**EXERCISE DIRECTIONS:**
Would you please repeat, word for word, only the lines from the one holding "This is a three-pack, so" through the one holding "Boy howdy and" in the material below, without the pictures?

**PROVIDED INFORMATION:**
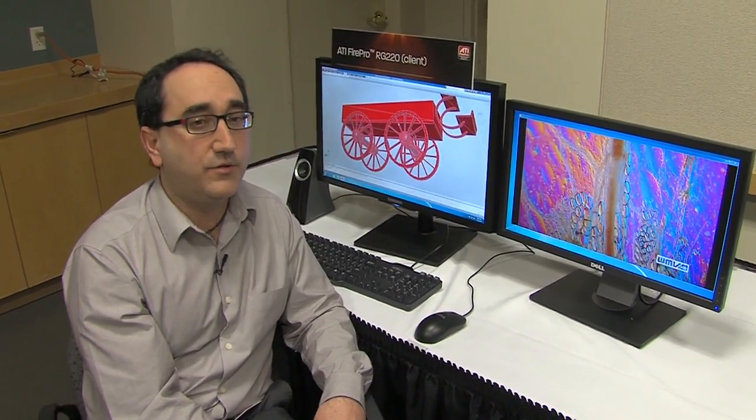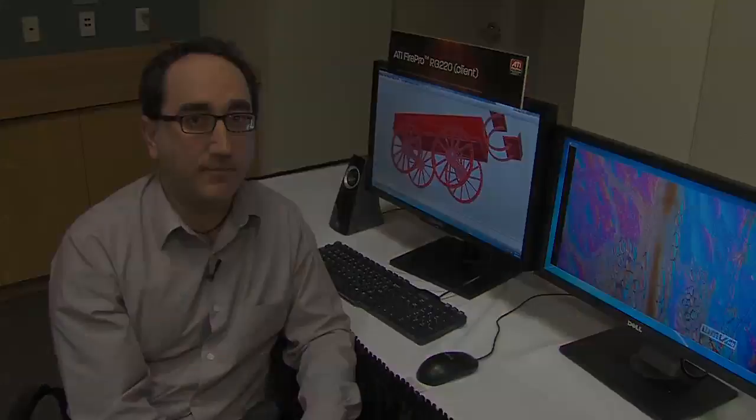I'd like to introduce the FirePro RG220, the first ever remote graphics card designed to replace the local user's workstation system while still providing them the full CPU and GPU performance of a local system.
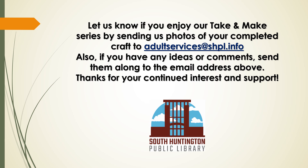Let us know if you enjoy our Take and Make series by sending us photos of your completed craft to adultservices@shpl.info. Also, if you have any ideas or comments, send them along to the email address above. Thanks for your continued interest and support. Thank you.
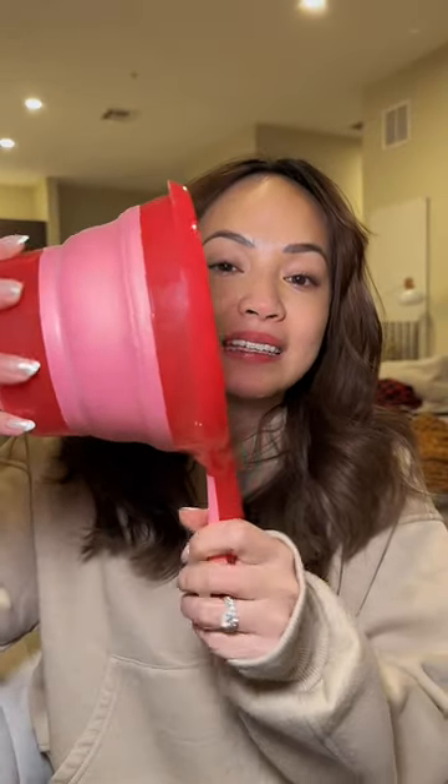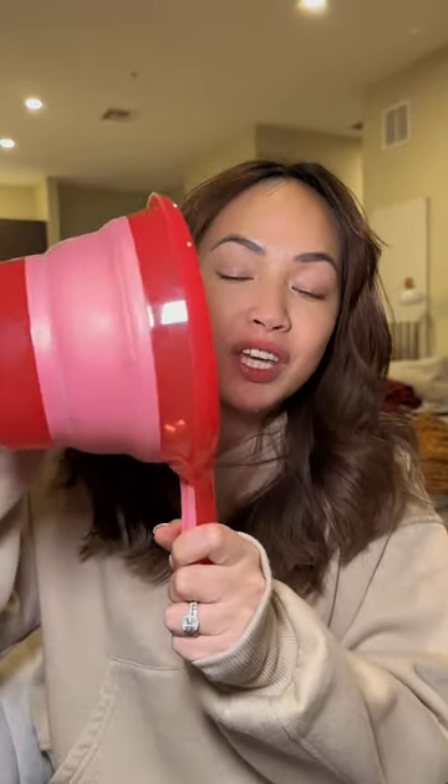This is a three-pack, so I use the others for watering my plants and I have another one for the kitchen. Honestly, it being collapsible like this is such a game changer because it's so easy to store.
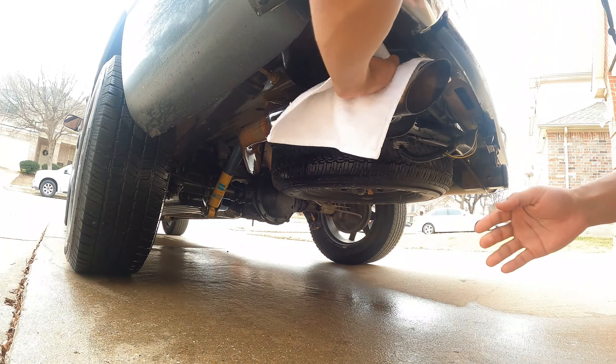As y'all can see, just sanding it down makes it look completely different. So let's see how it looks when I put that polish on it.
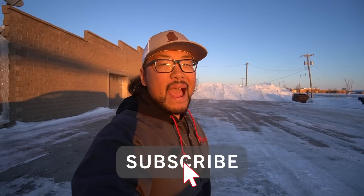Boy howdy and welcome back to the channel. Before this video goes any farther, pause the video, like the video, and subscribe to the channel if you haven't already.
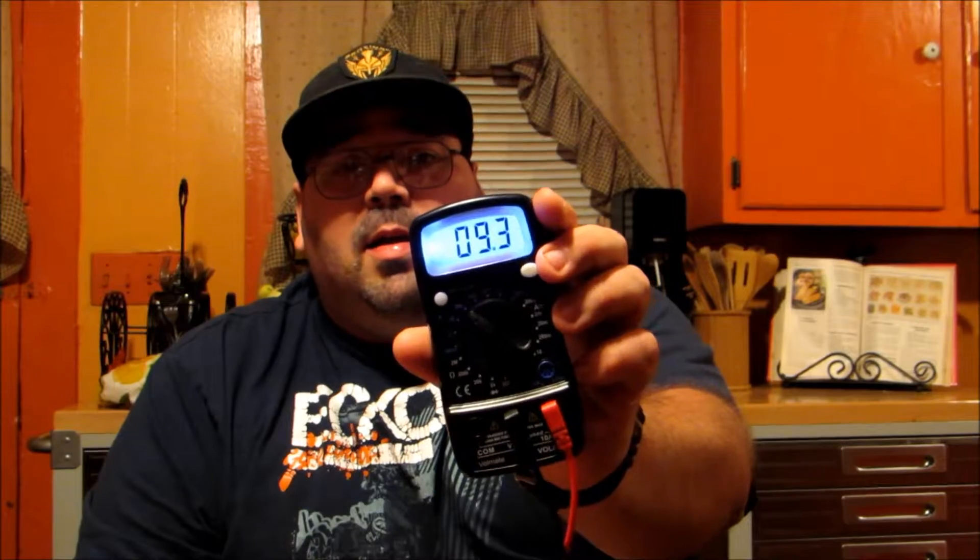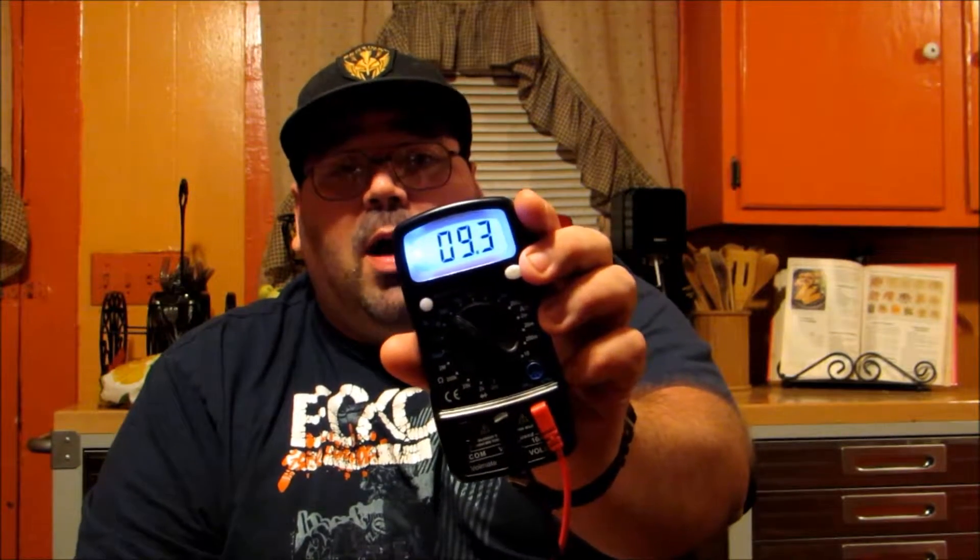The blue LED backlit screen will help you read your readouts at all times. I think this is a really great feature by the Volmate Company to make sure you can see your settings and don't have to second-guess it, especially when you consider that sometimes you might be using this in tight situations — testing electrical lines in your house in your attic or basement where space and lighting may be limited.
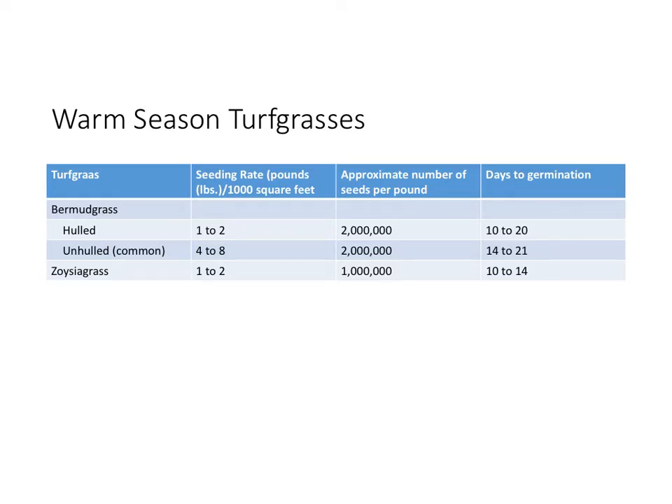Bermudagrass is the primary warm season turfgrass that is seeded for high maintenance turf situations. Bermudagrass seed can come as hulled or unhulled. Hulled means the outer seed coat has been scarified or removed, allowing the seed to germinate more quickly — used when seeding during the ideal time of early to mid-summer. Unhulled bermudagrass seed retains the outer coating and would be used if, for example, you seeded in the fall, letting Mother Nature do the scarifying so the seed germinates when conditions are favorable.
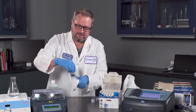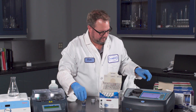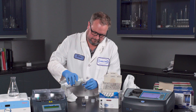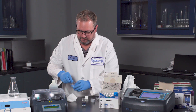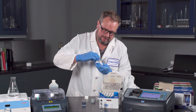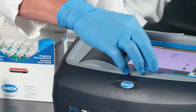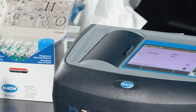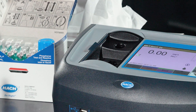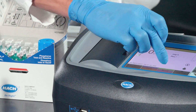The molybdate chemistry is very reactive. The other nice thing about the TNT Plus is you don't have to use blanking. Place this in, close it off, and then make sure it's all mixed up, cleaned off, place it in and read.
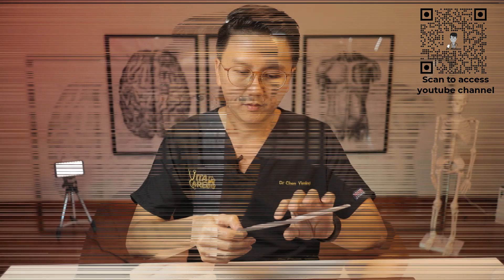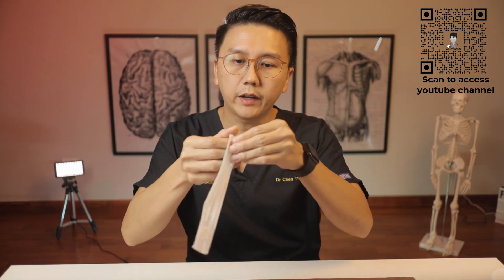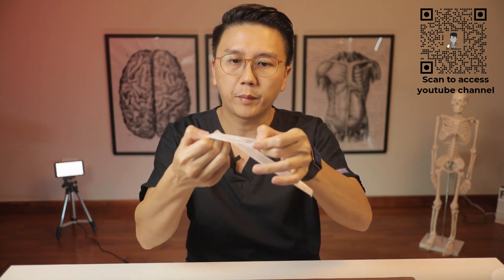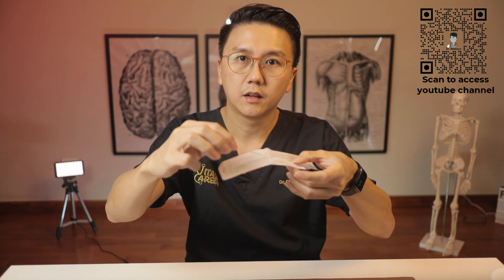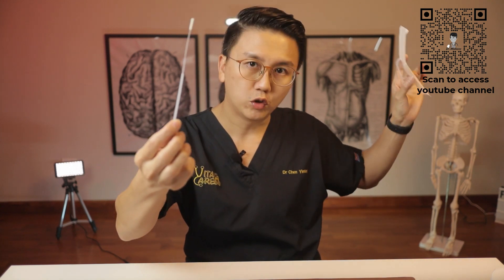Remove the stick ensuring that you do not touch the soft part of the swab. Remove the stick from the end without the cotton. Throw the package away.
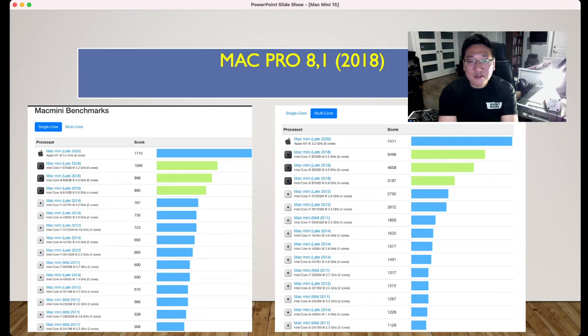I also have a Mac Pro 5,1 which is 16 cores. My Mac Mini late 2018 i3 scores 31,887 for multi-core. And my Mac Mini late 2012 scores 12,1272. I also have the i7 late 2012 which scores 2612.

**SOLUTION:**
This is a three-pack, so I use the others for watering my plants and I have another one for the kitchen. Honestly, it being collapsible like this is such a game changer because it's so easy to store.
As y'all can see, just sanding it down makes it look completely different. So let's see how it looks when I put that polish on it.
Boy howdy and welcome back to the channel. Before this video goes any farther, pause the video, like the video, and subscribe to the channel if you haven't already.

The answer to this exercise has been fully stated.